• [PROBLEM TO WORK ON] Every line in the listing below from the one with "self-drilling screw specifications" through the one with "Frontplaat verticaal railsysteem" is to be reproduced exactly, both ends included; leave out the rest.

• [GIVEN RECORDS]
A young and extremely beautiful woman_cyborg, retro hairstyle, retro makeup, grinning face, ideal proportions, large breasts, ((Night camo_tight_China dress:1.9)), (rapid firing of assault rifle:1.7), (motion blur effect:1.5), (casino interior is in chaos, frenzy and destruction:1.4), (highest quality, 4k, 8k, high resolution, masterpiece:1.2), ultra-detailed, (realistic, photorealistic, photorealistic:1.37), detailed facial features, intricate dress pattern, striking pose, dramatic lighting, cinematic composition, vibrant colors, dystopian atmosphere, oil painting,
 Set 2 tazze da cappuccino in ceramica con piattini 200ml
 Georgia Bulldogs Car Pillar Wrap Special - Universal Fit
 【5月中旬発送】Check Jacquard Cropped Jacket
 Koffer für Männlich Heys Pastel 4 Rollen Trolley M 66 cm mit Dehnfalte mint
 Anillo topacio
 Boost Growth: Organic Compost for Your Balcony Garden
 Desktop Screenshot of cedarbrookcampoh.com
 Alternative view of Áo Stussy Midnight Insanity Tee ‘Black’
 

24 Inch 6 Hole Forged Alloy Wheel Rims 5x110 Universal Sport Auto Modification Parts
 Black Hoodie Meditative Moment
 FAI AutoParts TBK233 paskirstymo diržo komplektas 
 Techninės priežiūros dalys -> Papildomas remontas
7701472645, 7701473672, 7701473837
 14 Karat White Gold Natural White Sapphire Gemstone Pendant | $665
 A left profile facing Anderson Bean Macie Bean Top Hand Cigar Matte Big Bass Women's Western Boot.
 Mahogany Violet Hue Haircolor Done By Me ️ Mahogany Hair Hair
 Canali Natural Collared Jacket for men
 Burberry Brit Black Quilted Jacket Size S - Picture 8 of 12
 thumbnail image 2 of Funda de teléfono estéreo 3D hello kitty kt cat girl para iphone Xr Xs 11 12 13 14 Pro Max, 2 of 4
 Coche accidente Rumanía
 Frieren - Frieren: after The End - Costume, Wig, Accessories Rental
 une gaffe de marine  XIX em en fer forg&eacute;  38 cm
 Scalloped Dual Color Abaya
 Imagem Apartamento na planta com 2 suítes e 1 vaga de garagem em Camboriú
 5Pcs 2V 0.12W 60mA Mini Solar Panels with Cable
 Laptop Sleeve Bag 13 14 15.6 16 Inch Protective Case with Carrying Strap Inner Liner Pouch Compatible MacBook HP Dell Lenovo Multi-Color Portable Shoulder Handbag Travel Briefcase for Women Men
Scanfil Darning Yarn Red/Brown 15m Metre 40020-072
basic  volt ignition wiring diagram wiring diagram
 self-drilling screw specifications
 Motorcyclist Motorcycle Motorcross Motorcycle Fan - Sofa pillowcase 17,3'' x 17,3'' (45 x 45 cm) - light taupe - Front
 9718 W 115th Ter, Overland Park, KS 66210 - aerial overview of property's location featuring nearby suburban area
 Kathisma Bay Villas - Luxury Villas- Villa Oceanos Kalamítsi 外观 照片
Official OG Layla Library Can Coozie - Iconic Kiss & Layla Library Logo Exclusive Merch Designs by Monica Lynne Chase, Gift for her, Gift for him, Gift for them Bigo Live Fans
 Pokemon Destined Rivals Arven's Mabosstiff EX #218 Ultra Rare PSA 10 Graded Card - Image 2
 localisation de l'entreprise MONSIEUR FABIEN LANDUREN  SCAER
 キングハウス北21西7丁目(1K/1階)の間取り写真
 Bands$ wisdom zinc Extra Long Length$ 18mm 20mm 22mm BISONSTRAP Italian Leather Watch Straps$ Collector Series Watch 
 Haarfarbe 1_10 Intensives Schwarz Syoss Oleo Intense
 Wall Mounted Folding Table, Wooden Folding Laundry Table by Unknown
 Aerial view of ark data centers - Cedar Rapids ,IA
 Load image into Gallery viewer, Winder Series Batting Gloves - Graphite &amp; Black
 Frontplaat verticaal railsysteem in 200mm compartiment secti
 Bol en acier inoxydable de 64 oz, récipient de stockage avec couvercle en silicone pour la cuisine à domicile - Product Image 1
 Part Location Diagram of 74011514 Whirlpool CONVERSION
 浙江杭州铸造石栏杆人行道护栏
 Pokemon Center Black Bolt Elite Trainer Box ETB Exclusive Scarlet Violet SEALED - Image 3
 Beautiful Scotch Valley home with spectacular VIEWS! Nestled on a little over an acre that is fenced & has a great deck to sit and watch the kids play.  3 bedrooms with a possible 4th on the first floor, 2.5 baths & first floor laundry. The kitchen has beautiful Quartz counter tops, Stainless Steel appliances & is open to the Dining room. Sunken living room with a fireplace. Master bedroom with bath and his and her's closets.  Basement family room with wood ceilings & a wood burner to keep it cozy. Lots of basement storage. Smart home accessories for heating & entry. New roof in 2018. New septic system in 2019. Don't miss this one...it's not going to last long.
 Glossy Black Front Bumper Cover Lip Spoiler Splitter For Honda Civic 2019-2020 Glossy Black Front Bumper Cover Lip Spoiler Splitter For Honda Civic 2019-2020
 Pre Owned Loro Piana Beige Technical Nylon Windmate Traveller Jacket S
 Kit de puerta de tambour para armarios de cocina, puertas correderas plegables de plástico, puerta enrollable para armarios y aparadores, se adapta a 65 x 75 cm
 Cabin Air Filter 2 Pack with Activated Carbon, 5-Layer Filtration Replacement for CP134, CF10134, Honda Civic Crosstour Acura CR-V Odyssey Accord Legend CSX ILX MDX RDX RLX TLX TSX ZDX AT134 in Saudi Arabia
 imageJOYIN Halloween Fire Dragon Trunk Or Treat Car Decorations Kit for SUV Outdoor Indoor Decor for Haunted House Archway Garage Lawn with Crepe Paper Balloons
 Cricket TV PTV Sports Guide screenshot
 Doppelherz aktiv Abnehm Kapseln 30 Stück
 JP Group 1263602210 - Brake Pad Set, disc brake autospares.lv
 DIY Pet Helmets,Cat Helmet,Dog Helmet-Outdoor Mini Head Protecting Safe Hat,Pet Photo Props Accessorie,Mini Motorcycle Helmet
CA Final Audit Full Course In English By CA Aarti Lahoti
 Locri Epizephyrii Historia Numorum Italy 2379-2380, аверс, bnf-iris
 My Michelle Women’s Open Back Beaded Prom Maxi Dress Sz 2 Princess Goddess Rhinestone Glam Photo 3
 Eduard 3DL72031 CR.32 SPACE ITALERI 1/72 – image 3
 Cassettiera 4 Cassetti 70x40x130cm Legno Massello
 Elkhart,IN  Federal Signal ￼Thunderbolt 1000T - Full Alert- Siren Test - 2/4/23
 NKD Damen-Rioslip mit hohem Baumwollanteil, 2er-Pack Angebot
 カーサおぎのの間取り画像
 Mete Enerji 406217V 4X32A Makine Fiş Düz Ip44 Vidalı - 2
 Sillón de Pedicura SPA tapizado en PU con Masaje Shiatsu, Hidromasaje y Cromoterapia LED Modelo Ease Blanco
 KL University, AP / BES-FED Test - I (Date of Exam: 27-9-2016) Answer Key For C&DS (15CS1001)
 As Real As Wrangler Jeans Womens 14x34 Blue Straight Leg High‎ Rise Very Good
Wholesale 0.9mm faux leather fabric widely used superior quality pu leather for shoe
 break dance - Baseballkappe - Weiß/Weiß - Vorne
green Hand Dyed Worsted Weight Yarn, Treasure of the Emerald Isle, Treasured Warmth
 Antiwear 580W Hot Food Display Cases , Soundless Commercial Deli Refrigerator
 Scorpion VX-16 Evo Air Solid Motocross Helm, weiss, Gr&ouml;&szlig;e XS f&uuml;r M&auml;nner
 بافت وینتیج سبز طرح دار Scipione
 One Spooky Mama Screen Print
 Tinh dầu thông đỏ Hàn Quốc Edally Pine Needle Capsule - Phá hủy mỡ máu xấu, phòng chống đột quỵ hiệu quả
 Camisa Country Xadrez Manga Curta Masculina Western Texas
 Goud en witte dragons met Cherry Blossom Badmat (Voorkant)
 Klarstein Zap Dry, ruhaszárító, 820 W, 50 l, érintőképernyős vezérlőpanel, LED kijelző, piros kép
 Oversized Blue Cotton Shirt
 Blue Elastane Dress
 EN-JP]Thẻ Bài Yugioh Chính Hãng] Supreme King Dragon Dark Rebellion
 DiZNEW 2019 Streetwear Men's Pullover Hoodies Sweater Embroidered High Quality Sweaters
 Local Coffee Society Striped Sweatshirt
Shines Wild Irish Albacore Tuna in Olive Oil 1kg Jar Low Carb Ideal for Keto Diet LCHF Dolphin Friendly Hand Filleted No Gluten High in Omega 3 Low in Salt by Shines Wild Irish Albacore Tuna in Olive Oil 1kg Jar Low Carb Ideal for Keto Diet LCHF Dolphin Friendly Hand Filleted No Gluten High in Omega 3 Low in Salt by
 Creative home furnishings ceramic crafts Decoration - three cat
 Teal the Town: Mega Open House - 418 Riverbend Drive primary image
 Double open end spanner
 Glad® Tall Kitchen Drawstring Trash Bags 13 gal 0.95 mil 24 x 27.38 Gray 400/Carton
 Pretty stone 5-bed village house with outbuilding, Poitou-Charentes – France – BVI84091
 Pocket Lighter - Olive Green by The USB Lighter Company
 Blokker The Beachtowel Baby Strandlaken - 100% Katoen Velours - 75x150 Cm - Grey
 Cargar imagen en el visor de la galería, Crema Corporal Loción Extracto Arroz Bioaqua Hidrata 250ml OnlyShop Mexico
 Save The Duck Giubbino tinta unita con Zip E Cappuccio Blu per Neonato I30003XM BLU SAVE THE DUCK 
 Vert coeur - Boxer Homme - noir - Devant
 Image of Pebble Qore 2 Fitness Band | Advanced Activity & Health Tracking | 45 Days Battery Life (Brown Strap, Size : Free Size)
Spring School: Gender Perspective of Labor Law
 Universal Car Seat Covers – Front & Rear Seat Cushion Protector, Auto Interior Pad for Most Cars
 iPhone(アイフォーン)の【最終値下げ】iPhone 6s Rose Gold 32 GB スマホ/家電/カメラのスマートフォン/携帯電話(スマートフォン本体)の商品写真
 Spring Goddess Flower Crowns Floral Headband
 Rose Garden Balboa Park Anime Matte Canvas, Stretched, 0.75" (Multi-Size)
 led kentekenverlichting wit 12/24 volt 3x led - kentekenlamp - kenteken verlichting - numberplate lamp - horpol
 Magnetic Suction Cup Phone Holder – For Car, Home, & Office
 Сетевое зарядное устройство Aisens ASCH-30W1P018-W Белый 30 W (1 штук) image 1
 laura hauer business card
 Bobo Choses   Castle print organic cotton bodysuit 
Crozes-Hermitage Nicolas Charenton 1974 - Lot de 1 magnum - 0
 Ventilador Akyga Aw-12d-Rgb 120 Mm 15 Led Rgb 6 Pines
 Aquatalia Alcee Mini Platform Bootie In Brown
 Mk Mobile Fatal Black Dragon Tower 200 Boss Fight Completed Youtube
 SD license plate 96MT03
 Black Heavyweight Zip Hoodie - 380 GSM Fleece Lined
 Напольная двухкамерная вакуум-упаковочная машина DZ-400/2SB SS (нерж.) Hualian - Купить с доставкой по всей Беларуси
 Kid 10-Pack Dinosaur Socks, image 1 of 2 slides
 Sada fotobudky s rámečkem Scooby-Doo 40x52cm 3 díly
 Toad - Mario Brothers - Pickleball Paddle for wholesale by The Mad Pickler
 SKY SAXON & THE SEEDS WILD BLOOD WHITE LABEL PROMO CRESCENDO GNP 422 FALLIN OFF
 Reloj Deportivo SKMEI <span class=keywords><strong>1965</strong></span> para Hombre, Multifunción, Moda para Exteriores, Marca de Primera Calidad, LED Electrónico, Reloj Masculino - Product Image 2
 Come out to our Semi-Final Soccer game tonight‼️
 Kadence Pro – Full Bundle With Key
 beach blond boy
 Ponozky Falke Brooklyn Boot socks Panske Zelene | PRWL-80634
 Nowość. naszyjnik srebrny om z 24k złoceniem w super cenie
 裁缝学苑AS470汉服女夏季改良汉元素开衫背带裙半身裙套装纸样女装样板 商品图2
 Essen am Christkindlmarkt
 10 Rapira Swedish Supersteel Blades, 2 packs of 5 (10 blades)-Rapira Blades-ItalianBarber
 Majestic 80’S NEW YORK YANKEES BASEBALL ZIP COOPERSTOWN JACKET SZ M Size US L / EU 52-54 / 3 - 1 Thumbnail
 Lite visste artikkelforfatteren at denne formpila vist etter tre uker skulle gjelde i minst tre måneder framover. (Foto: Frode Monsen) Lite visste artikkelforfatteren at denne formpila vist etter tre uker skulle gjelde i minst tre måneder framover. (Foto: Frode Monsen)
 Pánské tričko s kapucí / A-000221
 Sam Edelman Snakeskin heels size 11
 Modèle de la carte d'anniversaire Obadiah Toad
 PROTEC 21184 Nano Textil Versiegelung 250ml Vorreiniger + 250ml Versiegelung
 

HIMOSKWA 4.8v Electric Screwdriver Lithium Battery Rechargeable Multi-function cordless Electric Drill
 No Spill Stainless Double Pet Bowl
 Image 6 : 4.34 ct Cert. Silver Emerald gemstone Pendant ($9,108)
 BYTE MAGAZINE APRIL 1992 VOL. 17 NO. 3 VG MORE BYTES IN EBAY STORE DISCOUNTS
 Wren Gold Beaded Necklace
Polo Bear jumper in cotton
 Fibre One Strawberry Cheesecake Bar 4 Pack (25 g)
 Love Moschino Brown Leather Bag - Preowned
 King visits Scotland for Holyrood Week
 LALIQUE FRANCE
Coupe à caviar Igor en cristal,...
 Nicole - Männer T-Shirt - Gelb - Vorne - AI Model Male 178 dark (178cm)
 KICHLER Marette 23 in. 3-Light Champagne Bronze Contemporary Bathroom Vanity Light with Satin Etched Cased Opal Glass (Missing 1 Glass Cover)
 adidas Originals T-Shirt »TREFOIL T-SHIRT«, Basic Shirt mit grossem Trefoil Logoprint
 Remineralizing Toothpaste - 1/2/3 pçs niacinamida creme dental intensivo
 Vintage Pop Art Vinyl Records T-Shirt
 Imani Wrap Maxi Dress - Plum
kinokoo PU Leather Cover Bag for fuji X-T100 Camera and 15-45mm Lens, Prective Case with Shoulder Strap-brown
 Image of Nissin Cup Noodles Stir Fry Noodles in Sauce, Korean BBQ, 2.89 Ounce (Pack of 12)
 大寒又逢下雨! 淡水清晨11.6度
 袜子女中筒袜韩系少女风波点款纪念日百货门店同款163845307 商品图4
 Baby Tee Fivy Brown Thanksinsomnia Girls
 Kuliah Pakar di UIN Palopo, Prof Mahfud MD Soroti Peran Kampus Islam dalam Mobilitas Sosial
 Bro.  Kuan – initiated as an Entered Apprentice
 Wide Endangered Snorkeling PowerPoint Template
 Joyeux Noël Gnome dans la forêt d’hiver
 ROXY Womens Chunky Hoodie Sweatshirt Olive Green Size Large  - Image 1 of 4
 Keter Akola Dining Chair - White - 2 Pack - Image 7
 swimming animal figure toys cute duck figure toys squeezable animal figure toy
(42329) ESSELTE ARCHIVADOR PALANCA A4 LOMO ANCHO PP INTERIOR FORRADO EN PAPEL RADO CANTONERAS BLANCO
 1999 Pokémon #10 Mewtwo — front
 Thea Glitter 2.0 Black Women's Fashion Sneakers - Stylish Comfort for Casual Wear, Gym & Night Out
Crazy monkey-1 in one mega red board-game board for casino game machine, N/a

• [ANSWER TO THE EXERCISE]
 self-drilling screw specifications
 Motorcyclist Motorcycle Motorcross Motorcycle Fan - Sofa pillowcase 17,3'' x 17,3'' (45 x 45 cm) - light taupe - Front
 9718 W 115th Ter, Overland Park, KS 66210 - aerial overview of property's location featuring nearby suburban area
 Kathisma Bay Villas - Luxury Villas- Villa Oceanos Kalamítsi 外观 照片
Official OG Layla Library Can Coozie - Iconic Kiss & Layla Library Logo Exclusive Merch Designs by Monica Lynne Chase, Gift for her, Gift for him, Gift for them Bigo Live Fans
 Pokemon Destined Rivals Arven's Mabosstiff EX #218 Ultra Rare PSA 10 Graded Card - Image 2
 localisation de l'entreprise MONSIEUR FABIEN LANDUREN  SCAER
 キングハウス北21西7丁目(1K/1階)の間取り写真
 Bands$ wisdom zinc Extra Long Length$ 18mm 20mm 22mm BISONSTRAP Italian Leather Watch Straps$ Collector Series Watch 
 Haarfarbe 1_10 Intensives Schwarz Syoss Oleo Intense
 Wall Mounted Folding Table, Wooden Folding Laundry Table by Unknown
 Aerial view of ark data centers - Cedar Rapids ,IA
 Load image into Gallery viewer, Winder Series Batting Gloves - Graphite &amp; Black
 Frontplaat verticaal railsysteem in 200mm compartiment secti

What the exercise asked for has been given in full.